Basil is an extremely popular plant in our house. We use both Italian basil and miniature Greek basil. If we buy one of the plants you can get in the supermarket, it can be stripped by the time we get home as Bob eats it like a salad. When we buy the live ones in the supermarket they die within the week, no matter how well you care for them, so if you have not used them, they go in the bin. They even say on the packet 2+days…it is a living plant, what is going on?
Simple, the plant that you buy was forcibly grown with too many stems crammed into a tiny pot to make it look full. It is like keeping 10 babies in a cot. By the time they come home to you they are cramped and have no nutrition or water to help them grow well.
Basil can be grown from seeds; however, you can very quickly grow healthy plants from cuttings from the supermarket variety. We have found they do not even need to be in a great condition to be able to take cuttings from.

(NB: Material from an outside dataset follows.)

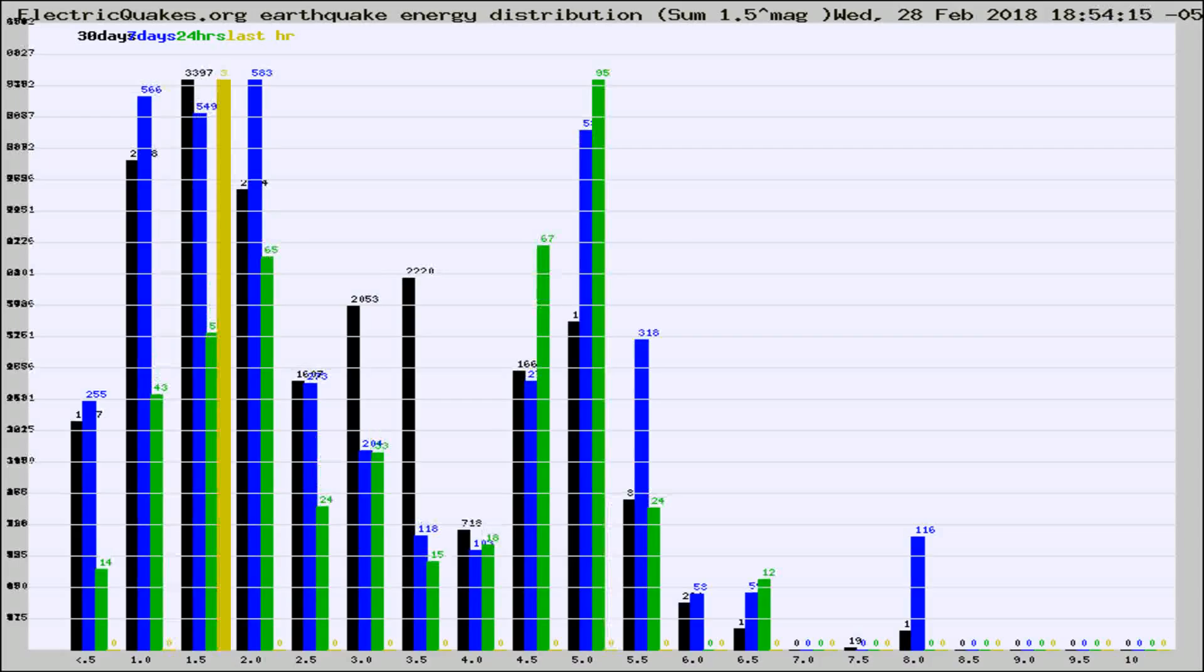Different colored columns are for 30 days, 7 days, 24 hours, and the last hour.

The first thing you need to do is work out where you are going to cut the plant. You need enough plant above the cut to have a stem to grow roots and leaves at the top, and below the cut there should be some leaves, or the remaining stem will die. However, if you can not save both halves, you are best saving the cutting and repotting it in a less cramped environments.

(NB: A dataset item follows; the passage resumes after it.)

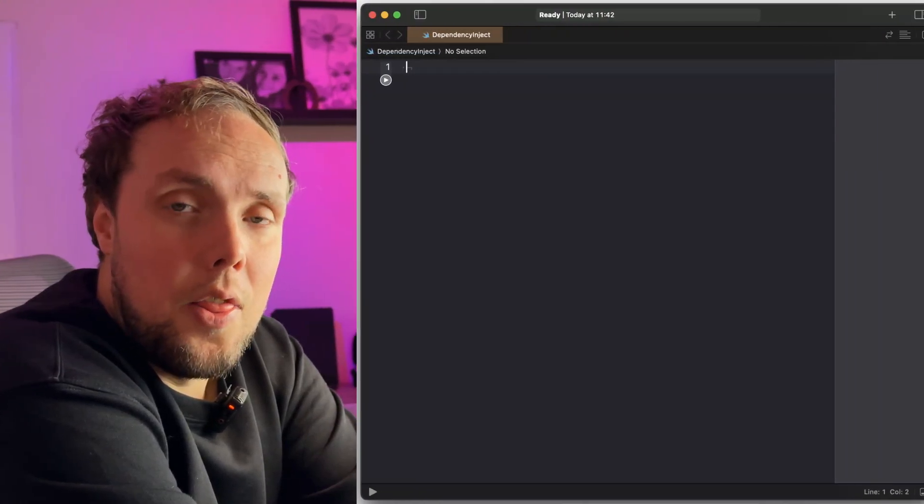The first kind of dependency injection I'd look at is initializer injection, because that is probably the one that also helps us talk about the basics the best. Initializer injection looks a little bit like this.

Once you have got your cuttings, you need to strip off any leaves in the bottom half of the stem or they will rot in the water. Then you need to put them into a suitable container full of water. We use a plastic cup for safety, however if you use a glass, you can see the roots grow. Have the leaves out of the water and the stem in the water to grow roots. Place the container in a west or south facing window so they can get the sun. You need to change the water every other day, so you can check the roots then.
When the roots are over 1 cm long, you can plant them. Get a container around 8cm with holes in the bottom and sat in a saucer. Fill the container with either compost or vermiculite, push a pen into the soil to make a hole to insert one of the cuttings and pat the soil around it to bed it in, repeat this two more times so you have 3 of the cuttings in the soil.
Place back in a west or south facing window and water the basil daily. After a couple of weeks, it is ready to harvest. You can either start again to make more plants or cut them off and put them into food. If you are not ready to eat them, basil will freeze.
You need to snip off the top of the basil as above on a regular basis to ensure it keeps nice and fat and does not grow long and leggy. If you leave it too long it will flower. The flowers are also edible; however, they do taste slightly different. They look very pretty as a garnish or as a pretty plant.
Basil can be planted outside in the summer; however, we do not have much luck this way, all the bugs love it.